Из госпиталя хирург выбегает, к нам — а с нами никого, пропал мальчишка. Прикинь? Сзади в машине всё кровью залито, четыре пули в человеке — а исчез. Из бэтэра закрытого, на полном ходу. Такие вот дела. Сколько я всего насмотрелся, но пацана этого не забуду. Не может быть такого, а было… Никто не верит. Ведь не приснилось же мне это — и пацан, и кровь его на сидении, и шептал он что-то всё время, а что — не знаю. Не знаю.
Вместе
Серёжка огляделся. В ярком и тёплом свете, частью которого был теперь и он, проступали знакомые фигуры: невысокий кряжистый бородач в рогатом шлеме, белобрысый парень с петлицами шарфюрера, одетый в короткий халат узкоглазый старик, длинноволосая девушка в сверкающем комбинезоне…
Их было много — тысячи тысяч солдат, однажды уже отдавшие жизни во имя своей правды. Солдат, наконец, встретившихся под знамёнами армии, собранной единою волей близ места, называемого Армагеддон.

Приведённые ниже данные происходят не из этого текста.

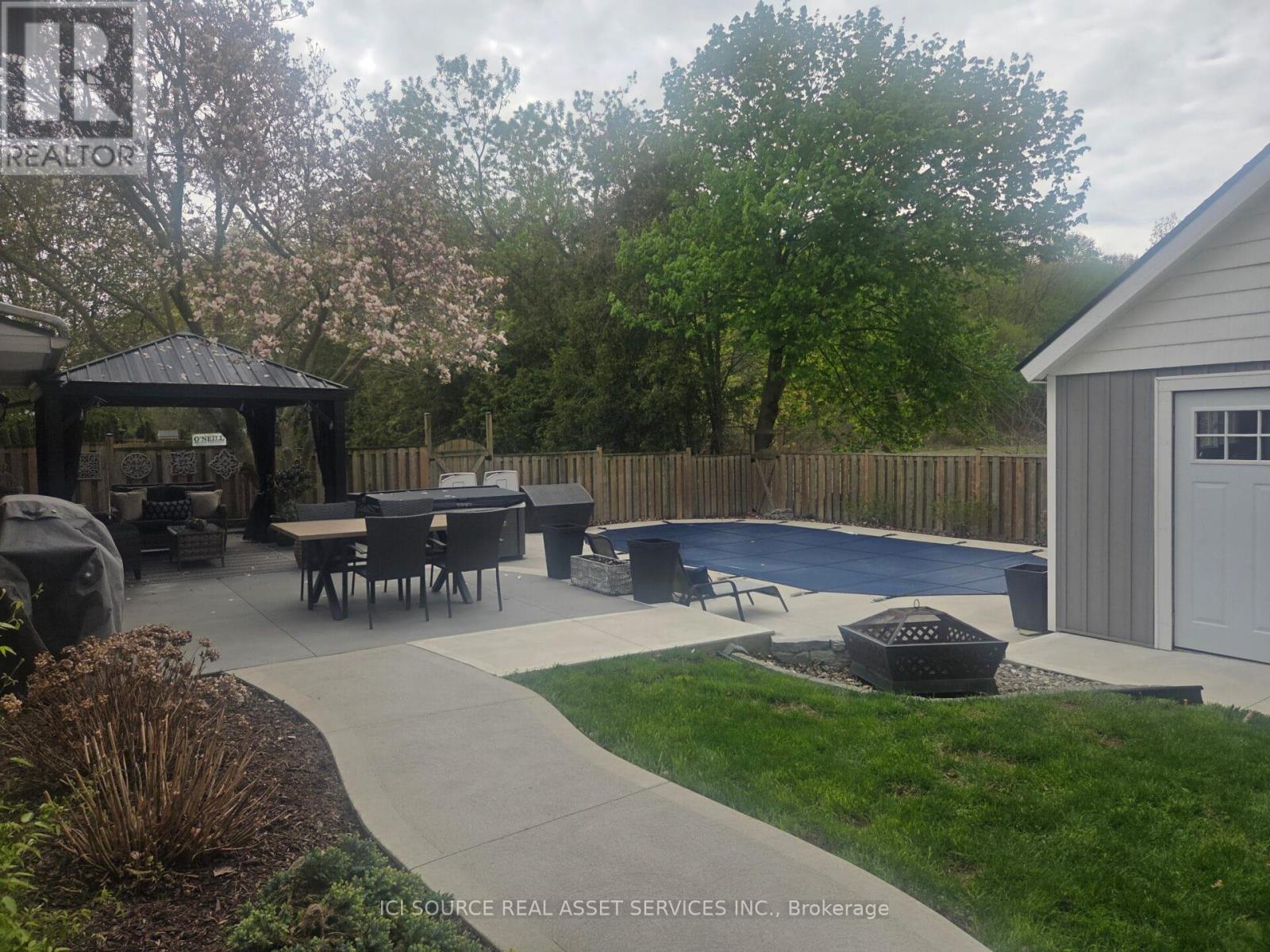 112 THORNHILL CRESCENT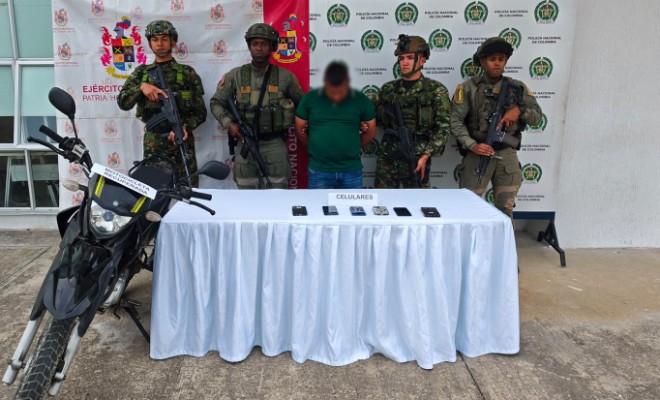 Capturado, con celulares y motocicleta, en custodia de la Policía Nacional
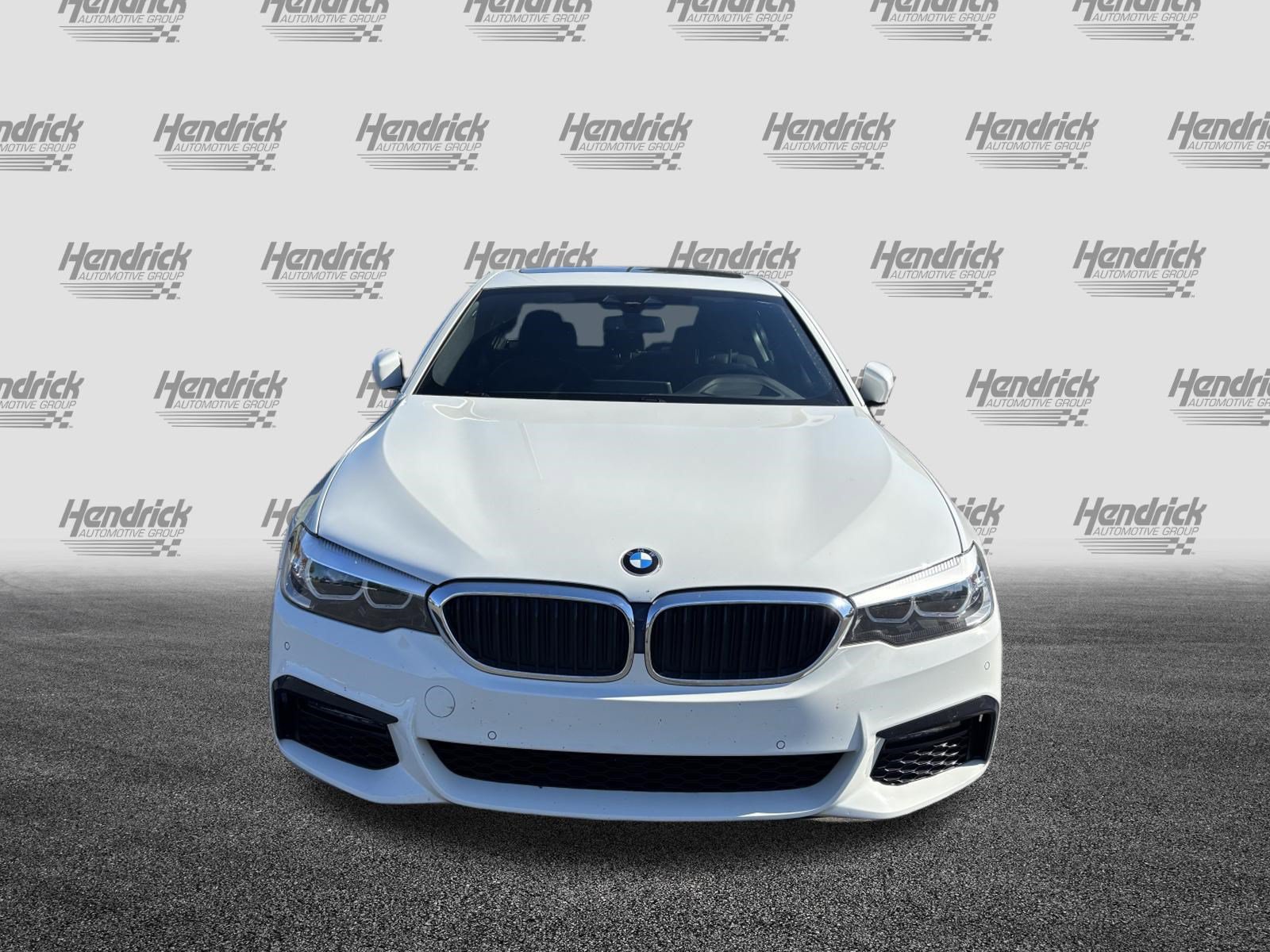 Used 2020 BMW 530i w/ M Sport Package RWD image 3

Молодой рыцарь, вглядывающийся вдаль из-под узкой ладони, опустил руку и негромко произнёс:
— С Богом.
Горизонт потемнел.
Из-за самого края неба, пятная безмятежное сияние, надвигались нескончаемые полчища неприятеля. Подобные грозовой туче, шли они — беспощадные, неуязвимые воины Преисподней. Казалось, земля молила о помощи, содрогаясь под тяжестью их шагов.
И помощь пришла.
Не дожидаясь ничьей команды, стоящие в едином строю воины протянули к наползающему мраку руки.
Лишённые оружия.
Раскрытые.
Прощающие.
Один, другой, несчётный раз тёмная туча отступала, что бы снова наброситься на ненавистное, несовместимое с нею сияние… И раз от раза число наступавших таяло, растворяясь среди Света, в котором с раскрытыми ладонями застыли они — Паладины Милосердия, умеющие прощать врагов своих.
И не было силы, способной победить их.
Примечания
1
чуть-чуть (белорус.)
2
отыскали (белорус.)
3
Когда Студента убили, я же думал — всё, не сбежать. Много их было, батька, очень много! Думаю, всё, сгорел Василь. А тут этот паренёк выскакивает, как начал из автомата… Сбежали. Вот, с собой его взяли. Он боец хороший, сам видел. (белорус.)
4
посмотри (белорус.)
5
здесь — какого-то сумасшедшего (белорус.)